Arrivavano da tutta la provincia di Roma, ma anche da Latina e Frosinone. Tutti allettati dalla possibilità di arrotondare lo stipendio mensile o di avere un benefit inaspettato ma illegale. Quel traffico eccessivo di domande di disoccupazione dal litorale romano, però, ha insospettito la Guardia di Finanza. Che ha cominciato a indagare. E ha scoperto una truffa così sicura e collaudata che durava da anni. Il sistema era stato escogitato da due dipendenti infedeli della sede Inps di Ostia, a cui i finanzieri del comando provinciale di Roma sono arrivati dopo indagini durate diversi mesi, coordinate dal sostituto procuratore di Roma Giuseppe Deodato.

Potendo accedere al sistema informativo dell’ente, i due impiegati inserivano i dati di ignari datori di lavoro, al fine di produrre modelli Ds che attestavano rapporti di lavoro. In questo modo, veniva precostituito il diritto per l’accesso all’indennità di disoccupazione con requisiti ridotti, per legge destinata a coloro che hanno perso il lavoro a seguito di licenziamento, inducendo in errore i livelli competenti all’emissione dei mandati di pagamento. Gli accertamenti delle fiamme gialle del II Gruppo Roma sono partiti dopo che i residenti in altre zone della provincia e, addirittura, a Latina e Frosinone, si erano spinti fino a Ostia per presentare la domanda di accesso al sussidio. L’Inps, che ha fornito la massima collaborazione per le indagini, ha subito sospeso l’erogazione dei trattamenti. Le 123 persone scoperte sono state denunciate all’autorità giudiziaria per truffa aggravata ai danni dello Stato; alcuni di essi hanno restituito le somme indebitamente percepite accordandosi con l’ente previdenziale. I due dipendenti Inps non erano più in servizio. 

Gran parte dei modelli attestanti i falsi rapporti di lavoro riportavano come datori di lavoro note case cinematografiche, che si sono poi rivelate del tutto estranee alla vicenda e, in diversi casi, è risultato che i componenti di intere famiglie (mariti, mogli, figli, generi e cugini) erano beneficiari delle prestazioni. Molti, inoltre, coloro che, già impiegati con regolare contratto di lavoro, avevano deciso di arrotondare le loro entrate mensili con il sussidio erogato dall’Inps. Il meccanismo era così collaudato e sicuro che alcuni dei titolari dell’indennizzo, su incarico degli stessi organizzatori, andavano alla ricerca di persone disposte a ‘steccare’ parte dell’indennità e degli arretrati percepiti con gli artefici del piano.

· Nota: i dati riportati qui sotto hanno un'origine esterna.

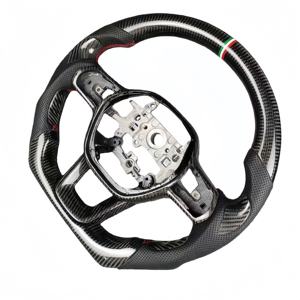 <span class=keywords><strong>พวงมาลัย</strong></span>คุณภาพสูงสำหรับรถยนต์ฮอนด้า ซีวิค รุ่นที่ 11 แอคคอร์ด อินสไพร์ หนัง คาร์บอนไฟเบอร์ ดีไซน์สปอร์ต พร้อมปุ่มแตร - Product Image 2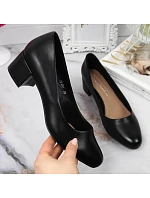 Dámské lodičky na klínku SK354A černé - Sergio Leone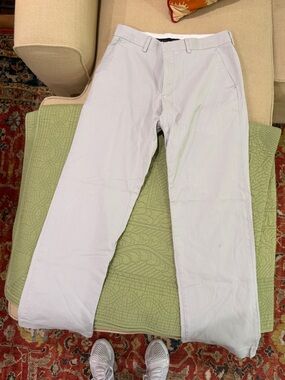 Express Men's Light White Chinos
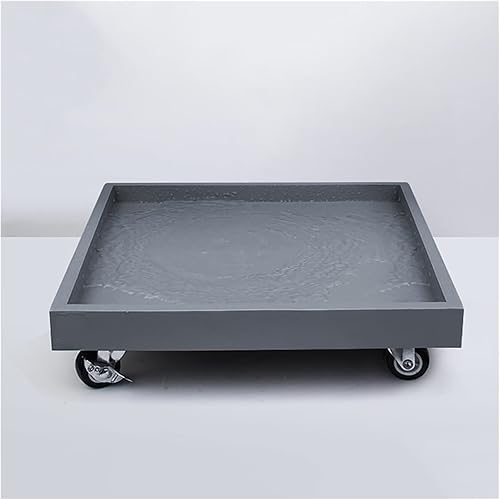 LEIYAN Platillos de plantas bandeja cuadrada para macetas con ruedas, bandeja para maceta para jardín interior y exterior, plato cuadrado para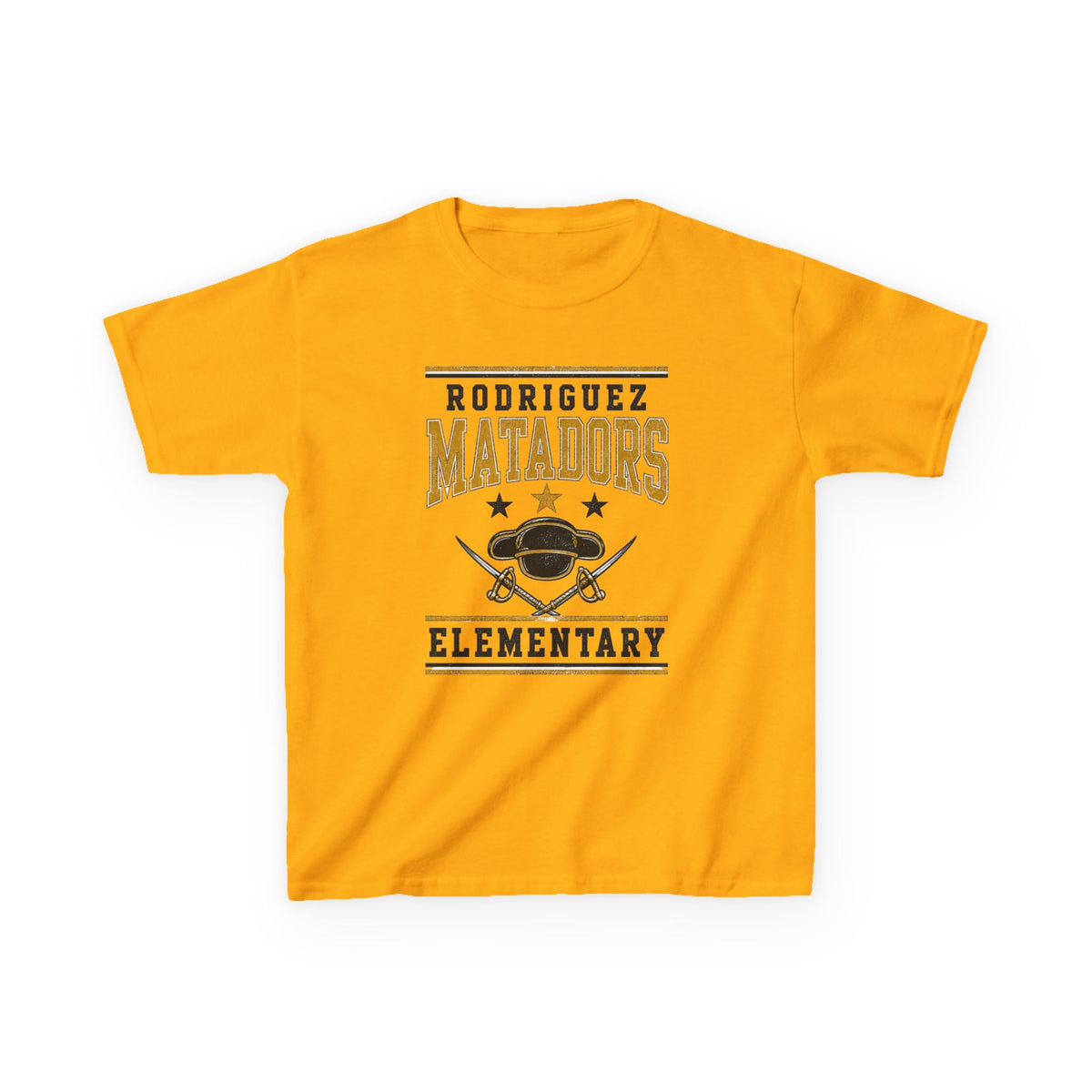 Rodriguez Matadors Elementary Kids T-Shirt — School Spirit Tee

Gli elementi raccolti dai militari hanno consentito al pubblico ministero inquirente di richiedere al Giudice delle Indagini Preliminari del Tribunale di Roma di emettere il sequestro preventivo, ai fini della confisca per equivalente, dei rapporti finanziari (conti correnti e deposito titoli) nella disponibilità di alcuni indagati, fino alla concorrenza di oltre mezzo milione di euro.